**Your instructions:** If pictures appear in the lines below, skip them and copy exactly the lines from the one containing "Cocon bébé compacte double face Doucenuit" through the one containing "Pīts kabelis USB-A", and nothing else.

START Material provided

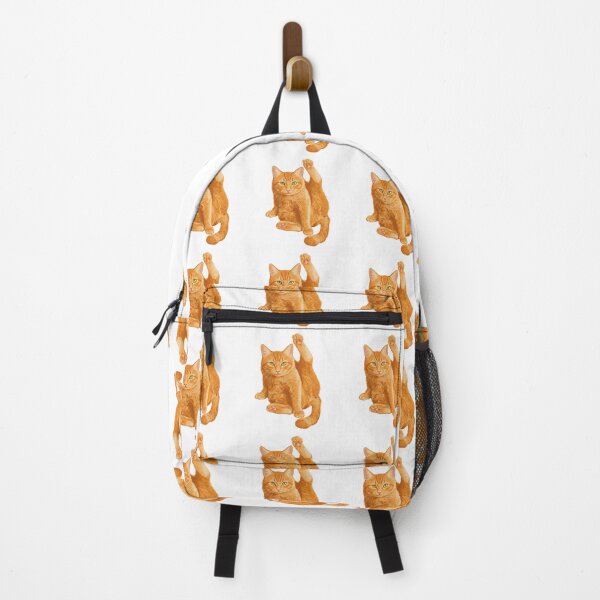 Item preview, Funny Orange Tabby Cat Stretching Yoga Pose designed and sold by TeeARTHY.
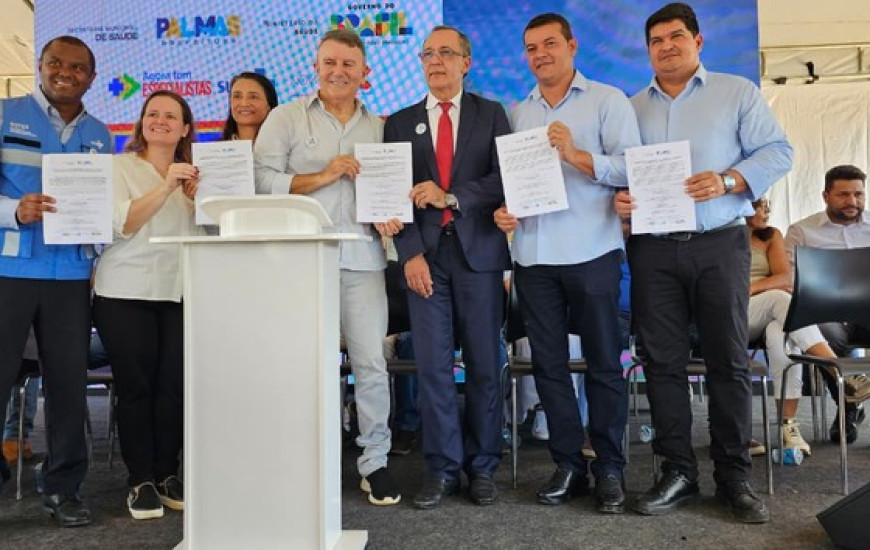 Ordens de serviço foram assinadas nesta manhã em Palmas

END Material provided
START Material provided

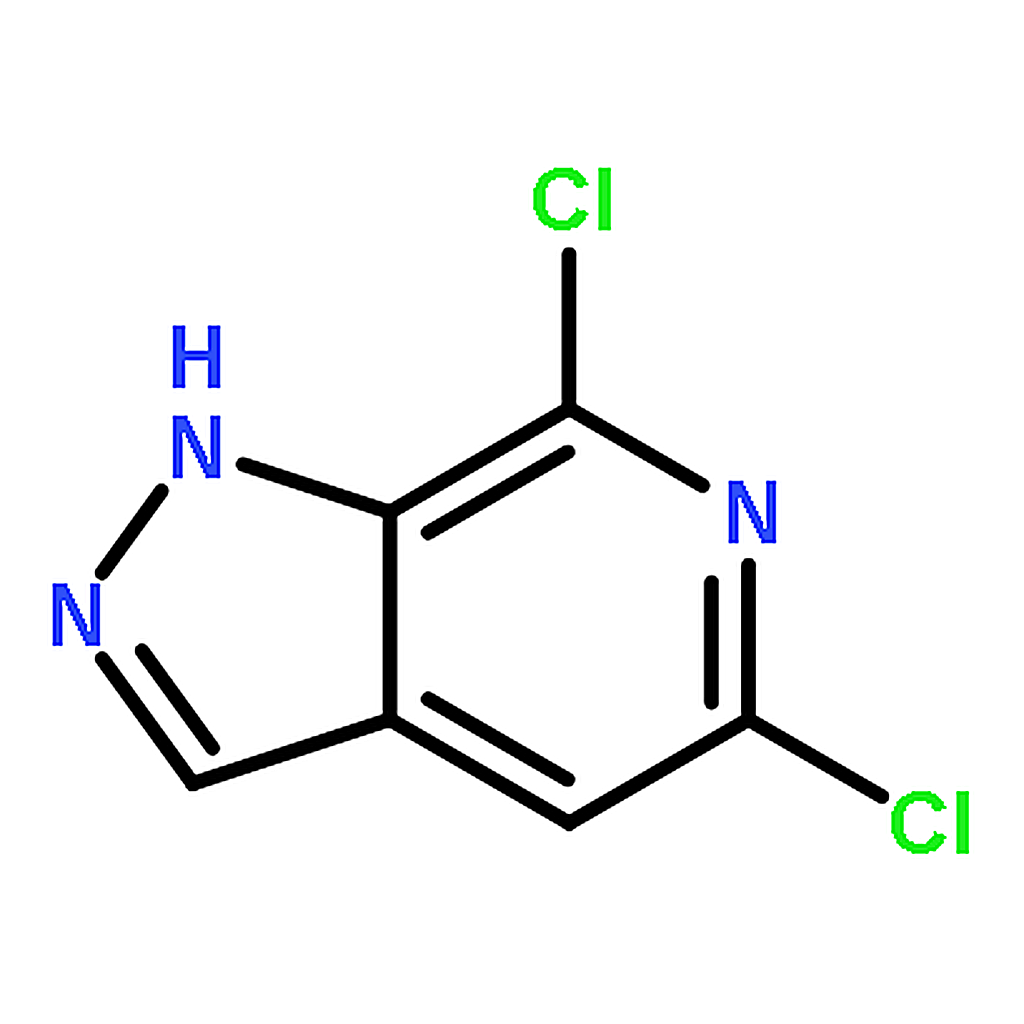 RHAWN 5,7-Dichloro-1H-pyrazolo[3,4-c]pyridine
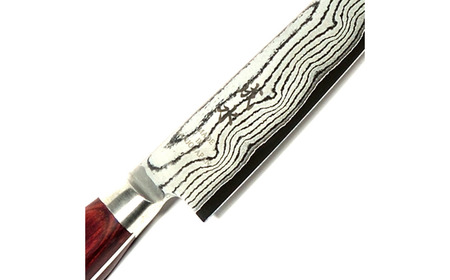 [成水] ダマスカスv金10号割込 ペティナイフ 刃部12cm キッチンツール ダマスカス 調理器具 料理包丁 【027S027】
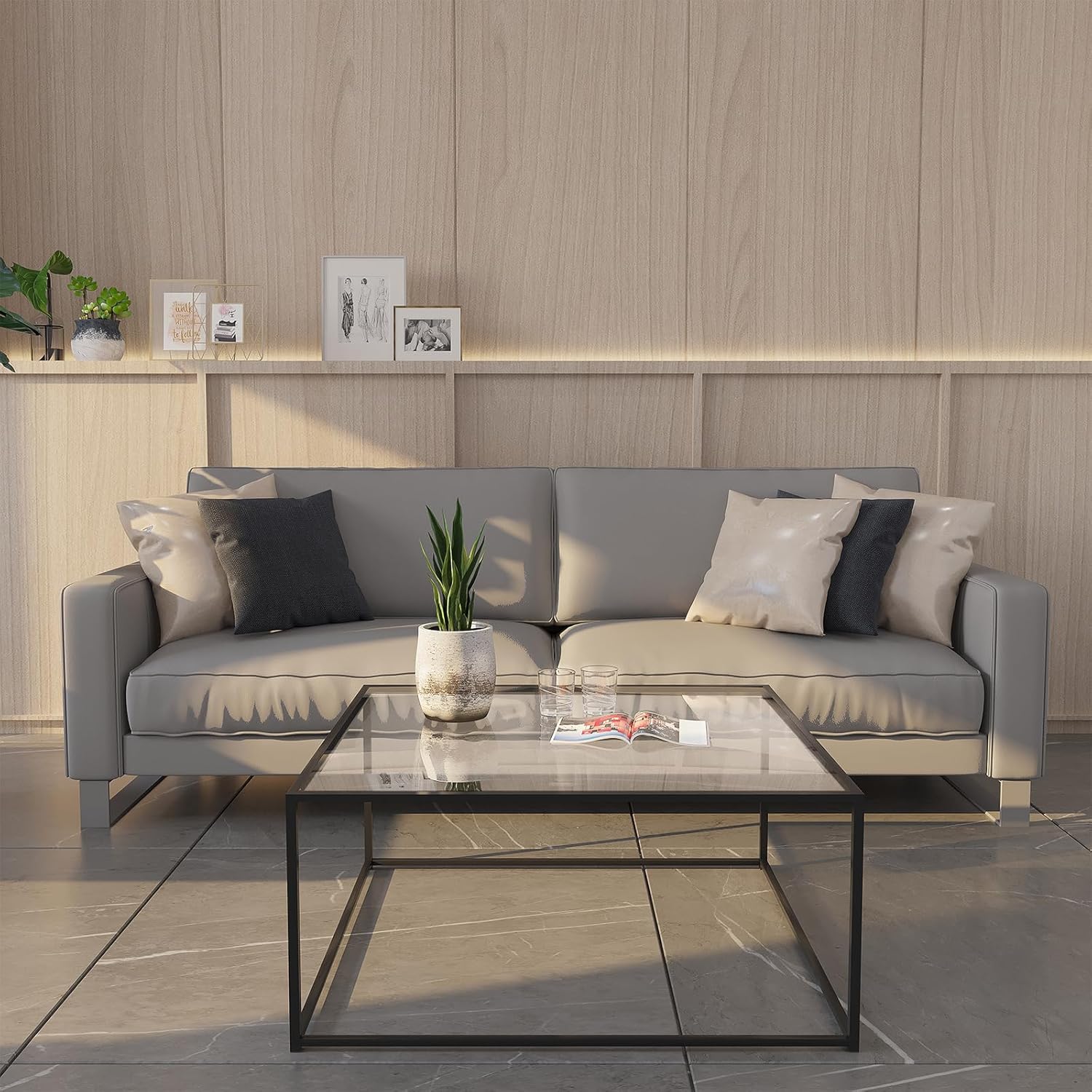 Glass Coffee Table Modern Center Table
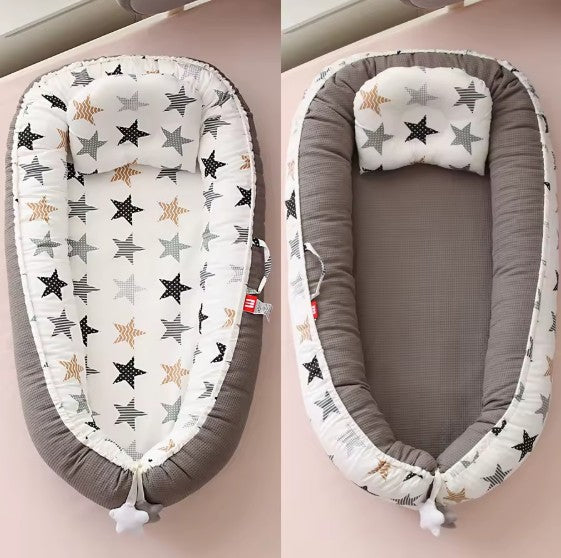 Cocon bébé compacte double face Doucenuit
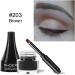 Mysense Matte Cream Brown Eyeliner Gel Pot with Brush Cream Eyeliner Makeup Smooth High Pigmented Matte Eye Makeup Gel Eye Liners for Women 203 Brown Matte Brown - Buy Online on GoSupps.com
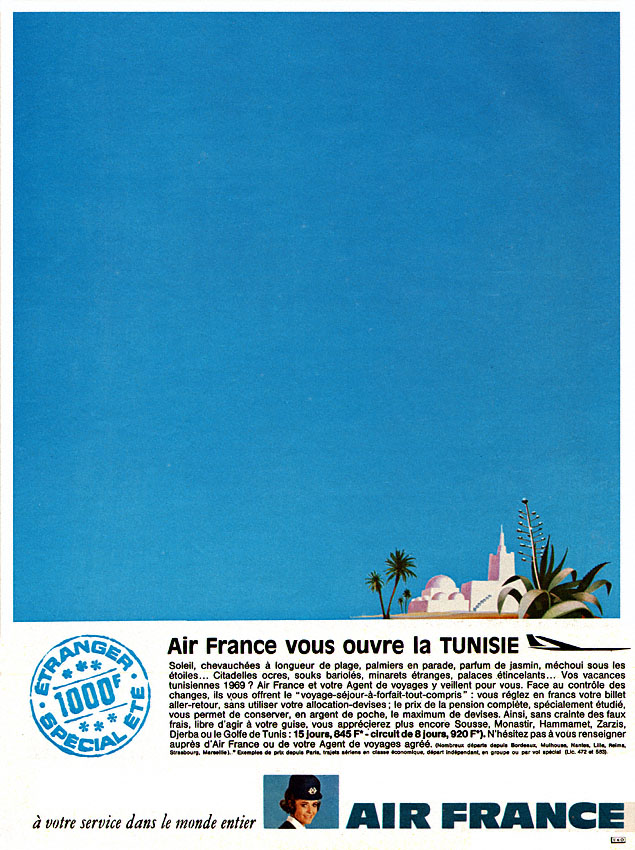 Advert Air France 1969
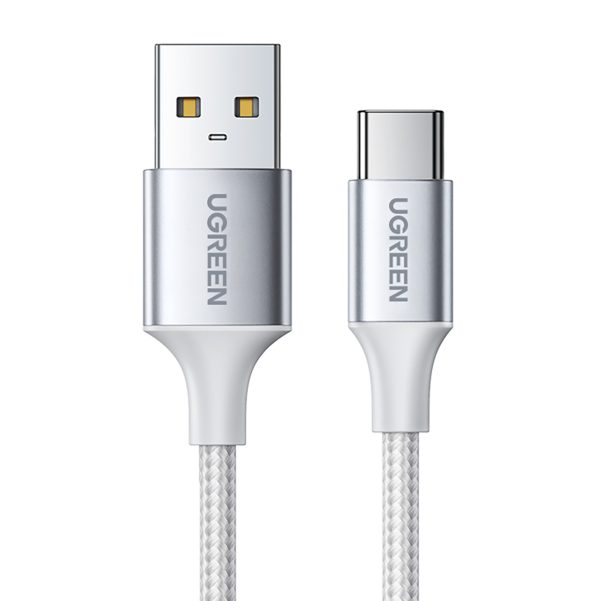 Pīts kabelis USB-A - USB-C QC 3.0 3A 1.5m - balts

END Material provided

**Reply to the task:**
 Cocon bébé compacte double face Doucenuit
 Mysense Matte Cream Brown Eyeliner Gel Pot with Brush Cream Eyeliner Makeup Smooth High Pigmented Matte Eye Makeup Gel Eye Liners for Women 203 Brown Matte Brown - Buy Online on GoSupps.com
 Advert Air France 1969
 Pīts kabelis USB-A - USB-C QC 3.0 3A 1.5m - balts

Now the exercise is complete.